===== Material to process =====

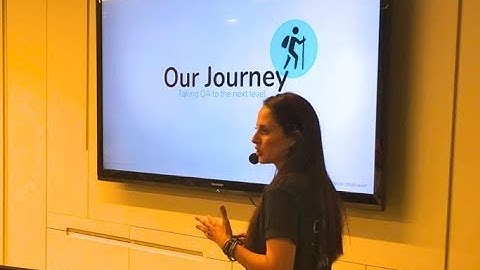 QA Your Way - From Quality Assurance to Quality Leaders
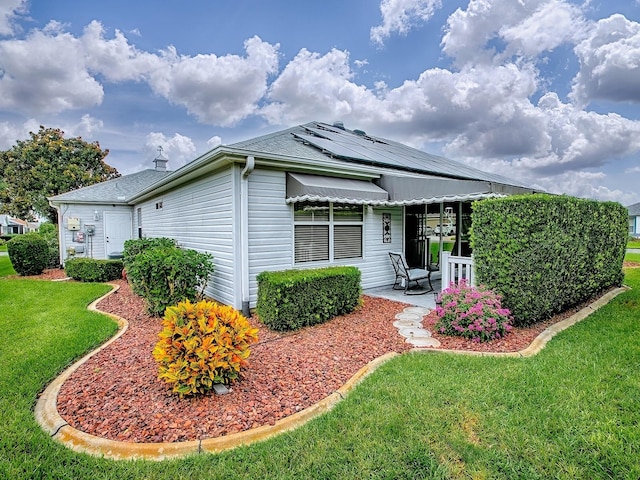 1202 Camero Dr, The Villages, FL 32159 - photo 56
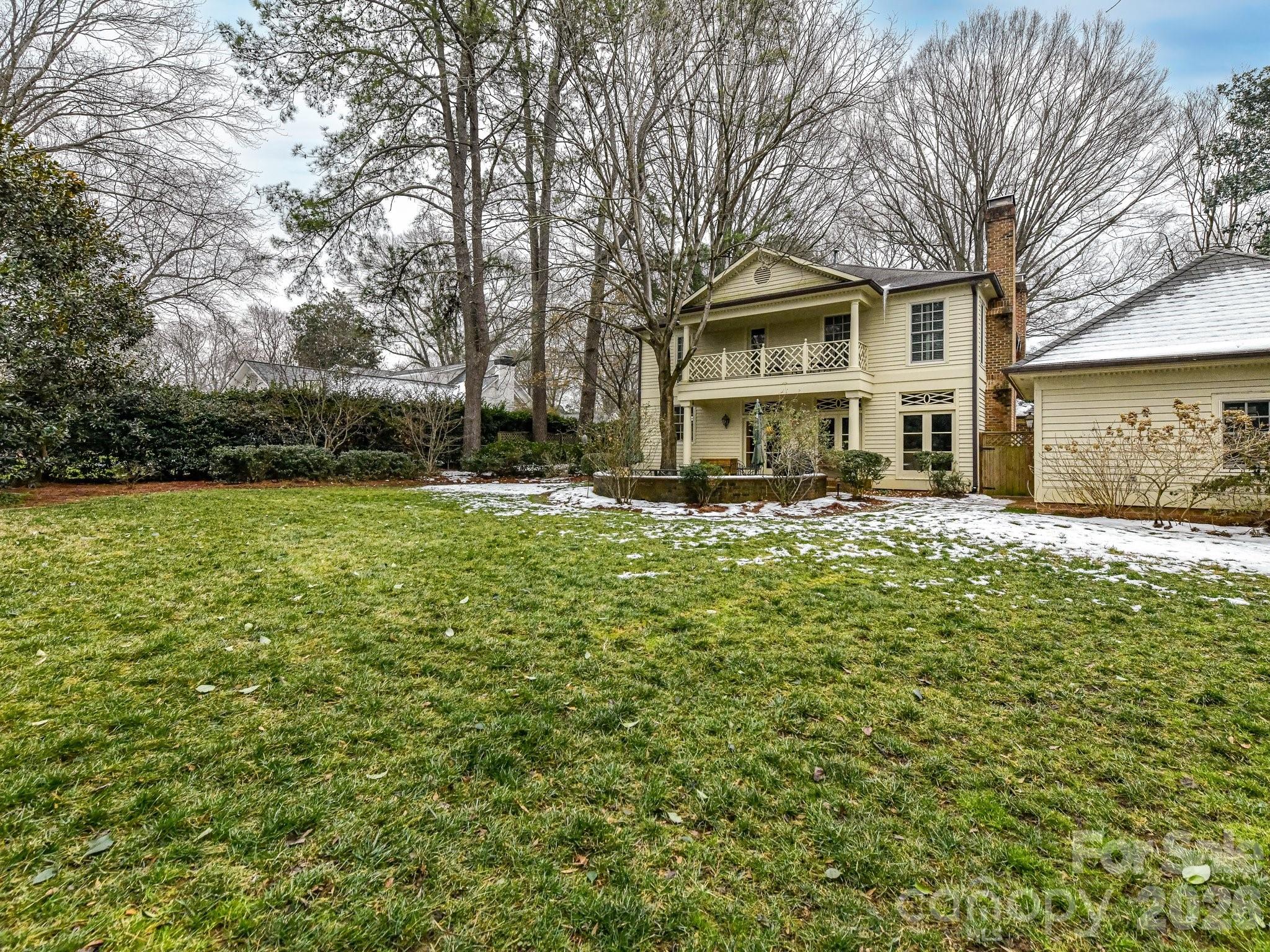 3116 Cloverfield Road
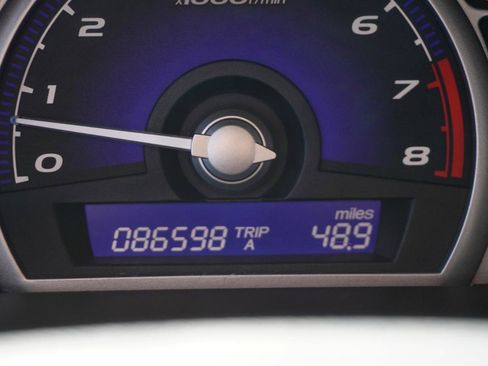 Used 2009 Honda Civic LX image 25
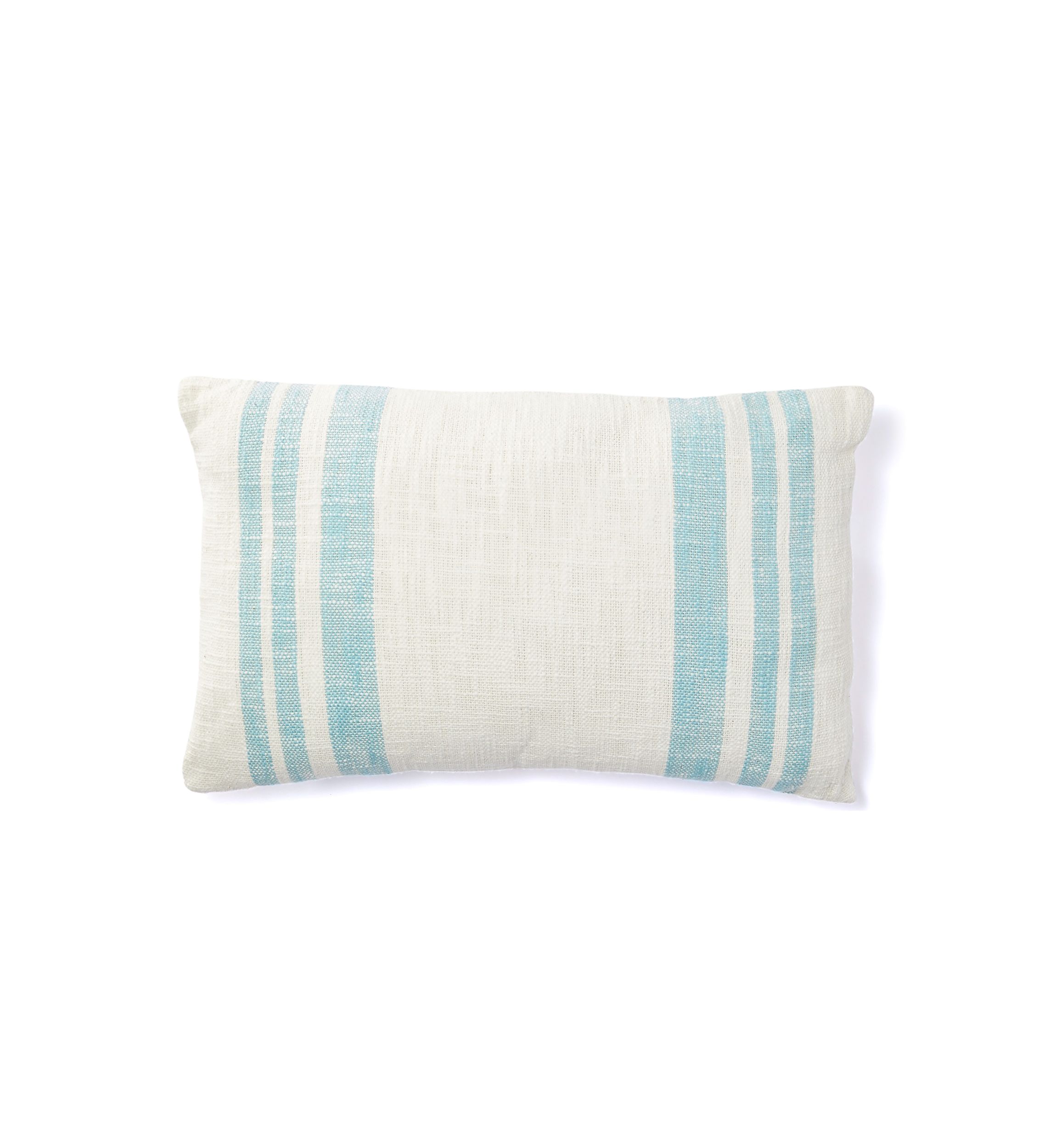 Morgan Surf Throw Pillow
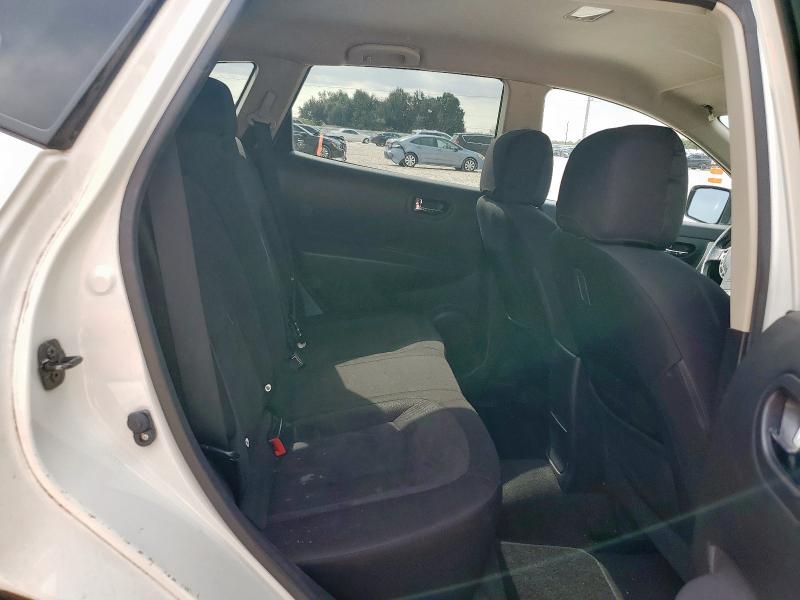 Фото 11 - NISSAN ROGUE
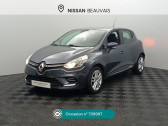 Renault Clio IV occasion année 2017 boite Manuelle Annonce Renault Clio IV occasion Essence Clio 1.2 16V 75 Zen à Tillé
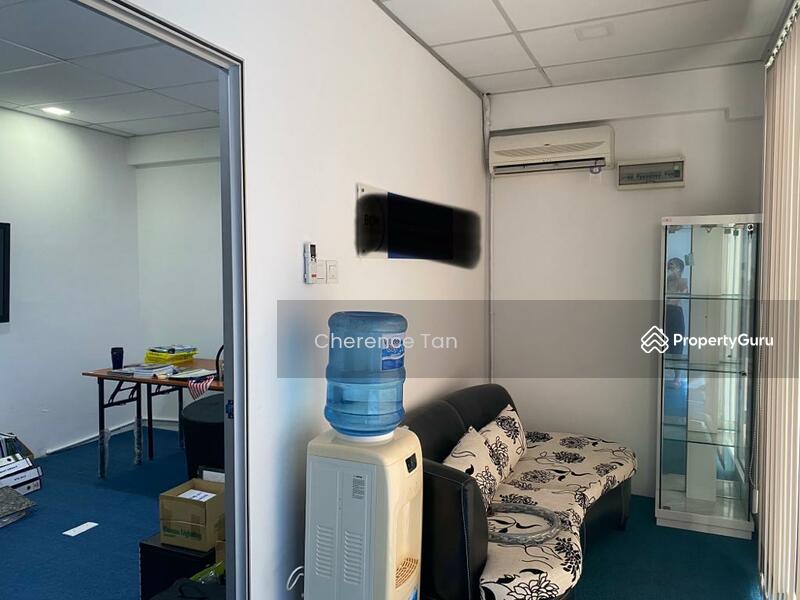 For Sale - Pusat Bandar Senawang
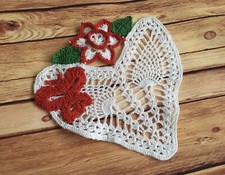 New Hand Crochet Mother's Day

=====

Exercise goal:
Reprint the whole listing above exactly, taking out the pictures.

Response to the exercise:
 QA Your Way - From Quality Assurance to Quality Leaders
 1202 Camero Dr, The Villages, FL 32159 - photo 56
 3116 Cloverfield Road
 Used 2009 Honda Civic LX image 25
 Morgan Surf Throw Pillow
 Фото 11 - NISSAN ROGUE
 Renault Clio IV occasion année 2017 boite Manuelle Annonce Renault Clio IV occasion Essence Clio 1.2 16V 75 Zen à Tillé
 For Sale - Pusat Bandar Senawang
 New Hand Crochet Mother's Day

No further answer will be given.